The Globe and Mail examines "When Players Turn Into Boyfriends"

Read the article at The Globe and Mail

ZOSIA BIELSKI
From Thurday's Globe and Mail
October 9, 2008 at 9:15 AM EDT

Nick Savoy remembers well the day his girlfriend, Arrin, dyed her hair blond. The 23-year-old actress knew her boyfriend had "always liked blondes," so, Mr. Savoy says, she "went to the trouble of getting herself a beautiful hair job."

"You can bet that every day for the next few weeks I commented on how beautiful she was and how amazing she looked," he said.
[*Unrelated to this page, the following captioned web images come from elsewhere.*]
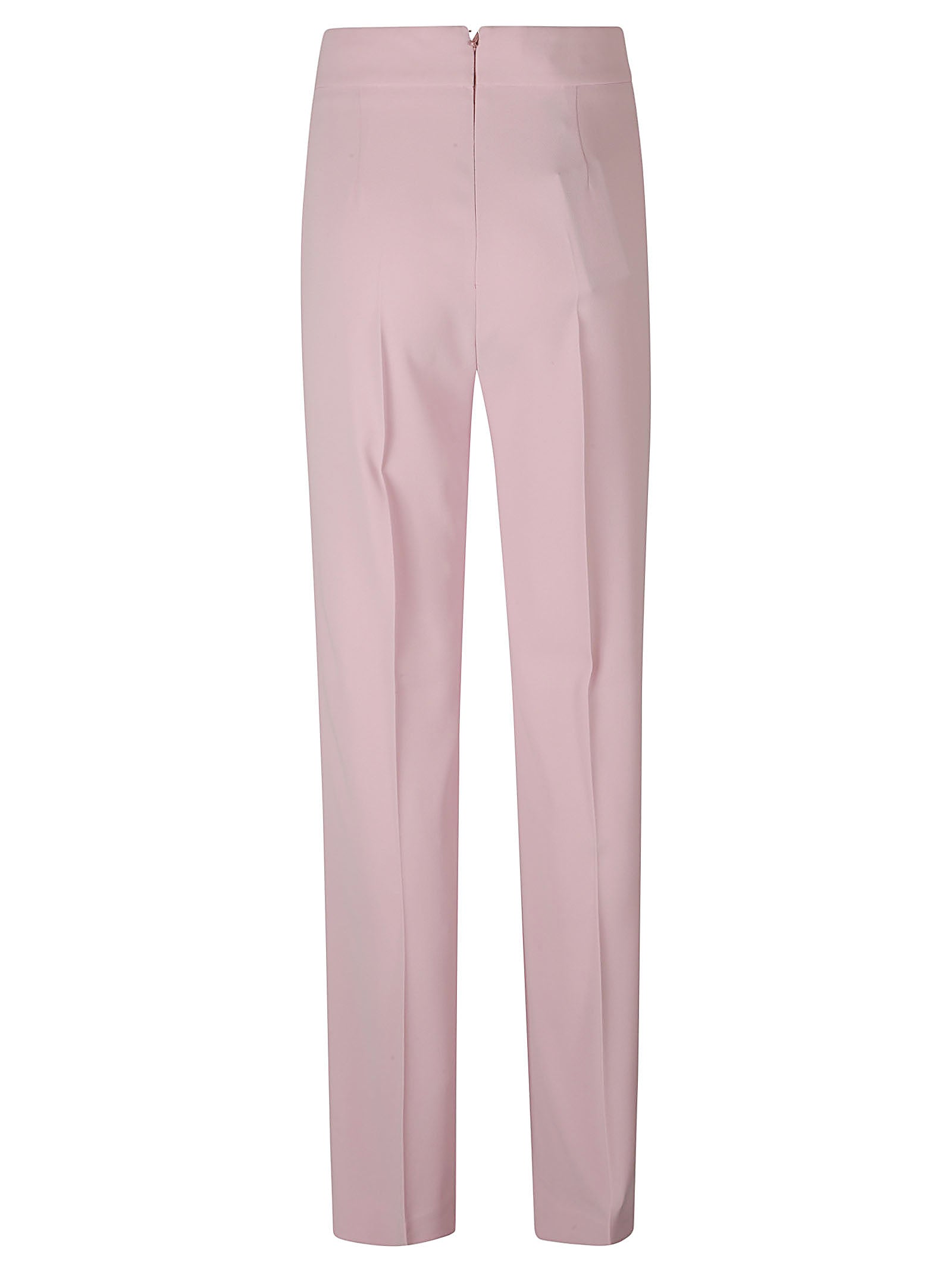 PINKO-OUTLET-SALE-Trousers ROSA-ARCHIVIST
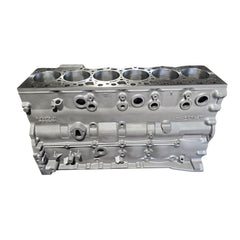 USED - 6.7 Cummins 2019+ Engine Block and Main Caps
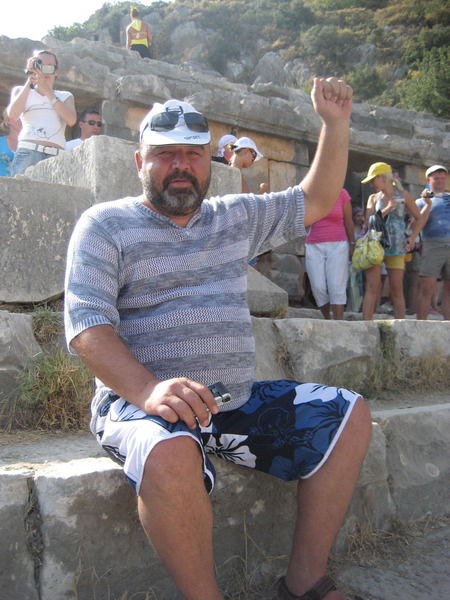 Равиль Сагитдинов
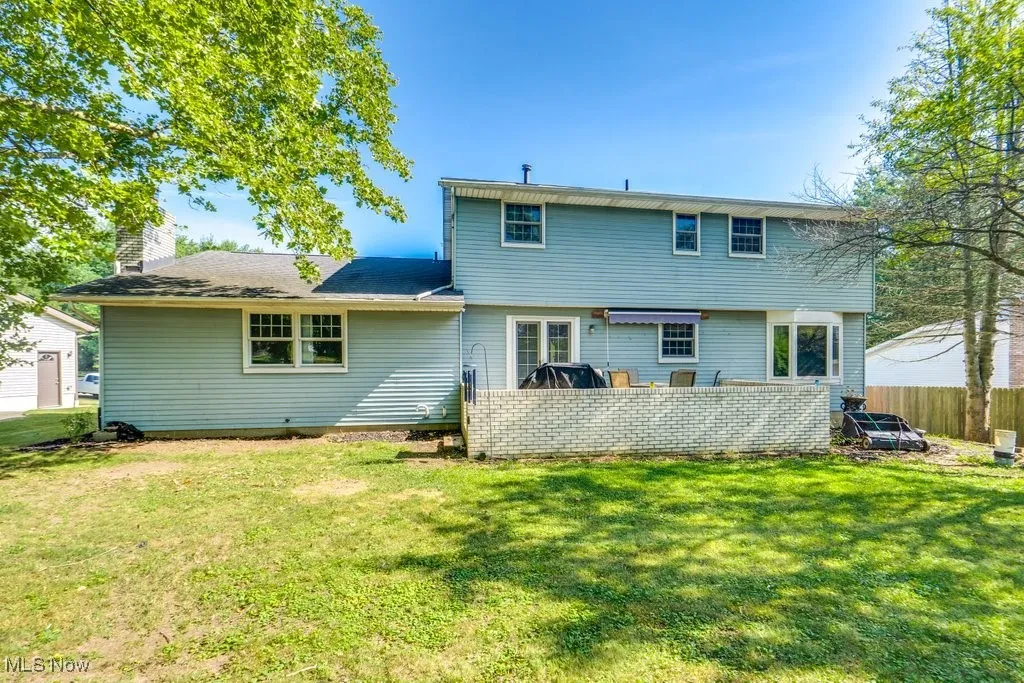 2218 Hiddenbrook Street, Canton, Ohio,MLS Now Listing ID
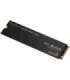 Western Digital WDS400T1X0M-00CMT0 BLACK SN8100, 4TB, M.2, PCIe Gen 5.0, 3D V-NAND TLC, 14900 MB/s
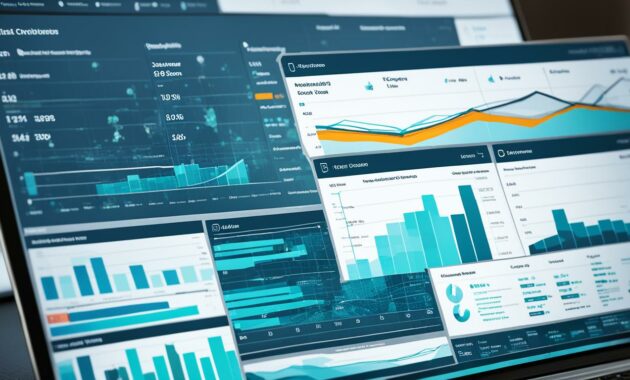 Business Intelligence Software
As far as her one-year-long relationship was concerned, the dye job was a good move for Arrin. Ten years her senior, Mr. Savoy liked it, and rewarded her with attention: "There's a lot of value that can be accomplished by rewarding the behaviour that you like."

Born in St. John's as Nick Benedict, Mr. Savoy is a professional pickup artist who runs Love Systems, a Los Angeles-based date coaching company that uses "social psychology" to help men bed women, regardless of a man's looks or financial status. But now, Mr. Savoy and many in the burgeoning industry of pickup artists who helped spawn a generation of Frank T.J. Mackeys - Tom Cruise's slimy seduction coach in the film Magnolia - are grooming those players to become boyfriends.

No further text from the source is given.